When parties are reviewing documents and they find that particular information is not available, this can raise concerns, especially if this relates to dates on documents of particular relevance. This can then result in suspicion of deliberate manipulation of the files, or even potentially spoliation.
Such claims are something that I have seen several times – having subsequently been asked to analyse such files to see if it is possible to pull other metadata, or identify how or when metadata was lost. Such allegations give opposing counsel the opportunity to raise questions over not just the specific document, but potentially over all the data that has been collected and reviewed as part of disclosure.
I have written about an example of this before, in my eDiscovery Horror Stories compilation for 2023 (https://ediscoverychannel.com/2023/10/31/ediscovery-horror-stories-2023/) under “The Case of the Mangled Metadata”.
Metadata Generation
It is not just the loss of metadata that can be a concern. In some situations sending files via email can result in sender and/or recipient information being stored within the sent files. This is most typical when email files (such as .msg files) are sent as email attachments. This can cause significant issues. For example, the name of an individual working at an eDiscovery vendor could be listed as having created or modified a file which is provided in disclosure. Perhaps worse, the file could potentially list the name of an individual working at the law firm as having created or modified the file.

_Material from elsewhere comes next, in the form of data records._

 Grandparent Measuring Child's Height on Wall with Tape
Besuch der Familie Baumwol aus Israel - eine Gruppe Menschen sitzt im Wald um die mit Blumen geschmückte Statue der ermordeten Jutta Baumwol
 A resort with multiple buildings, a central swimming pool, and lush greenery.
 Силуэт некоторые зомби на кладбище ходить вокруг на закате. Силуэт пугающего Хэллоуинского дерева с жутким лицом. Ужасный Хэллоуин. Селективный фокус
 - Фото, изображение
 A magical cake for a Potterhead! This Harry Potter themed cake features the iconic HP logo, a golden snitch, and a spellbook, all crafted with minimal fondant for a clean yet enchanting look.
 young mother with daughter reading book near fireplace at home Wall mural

Such situations can similarly lead to allegations from opposing counsel of data manipulation, or concerns that the data has not been treated in line with best practice, leading to the loss of metadata (i.e. data relating to the original creator/last modifier).

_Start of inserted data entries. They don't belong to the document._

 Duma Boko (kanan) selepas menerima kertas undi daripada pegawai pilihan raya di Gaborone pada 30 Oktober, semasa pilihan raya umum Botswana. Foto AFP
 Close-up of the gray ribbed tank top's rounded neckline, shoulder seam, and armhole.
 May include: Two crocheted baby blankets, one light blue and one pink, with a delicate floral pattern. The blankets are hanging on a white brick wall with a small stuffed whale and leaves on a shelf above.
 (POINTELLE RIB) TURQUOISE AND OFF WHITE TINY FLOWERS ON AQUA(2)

In addition to issues regarding the data itself, this could also potentially be viewed as a GDPR issue, depending on the specific situation and which metadata is embedded into the file.
Original Data Handling
When data is provided over email, there can be a bigger question over the procedures taken to collect that data, prior to it being sent over email. I am writing content specifically focussed on self-collections separately, and there is far more to cover than could be included here. However, it is worth understanding that the files being sent over email may not be the biggest concern. If the data was not collected properly, metadata could have been already lost or overwritten, and there could be separate concerns regarding the process used, documentation etc. It is worth bearing in mind that concerns over the collection methodology could cause as many issues (if not more) than the issue of the file being sent over email.
It is also worth thinking about consistency in this scenario. If this is a larger project, with all prior data having been collected using a dedicated digital forensic team, then providing data over email would be a significant departure from that approach. This in itself could potentially be used by opposing counsel to question why that data was not collected using the same methodologies as elsewhere.
Privacy and Confidentiality
Lawyers have a duty of confidentiality to their clients (see for instance https://www.sra.org.uk/solicitors/guidance/confidentiality-client-information/). This could potentially cause some concerns where files relating to the client’s interests are provided over email.
To understand why this may be an issue, it is worth considering the impact of data being present on email. Typically firms of lawyers will implement a retention policy on emails. This can vary on jurisdiction and may not necessarily be specifically set by regulation, but is regularly 7 years or more. This means that these client files are retained for a potentially significant amount of time, and could be kept for many years after the matter itself has been resolved by the courts. There is also the potential, with staff turnover etc. that access to those emails may be given to others at the law firm.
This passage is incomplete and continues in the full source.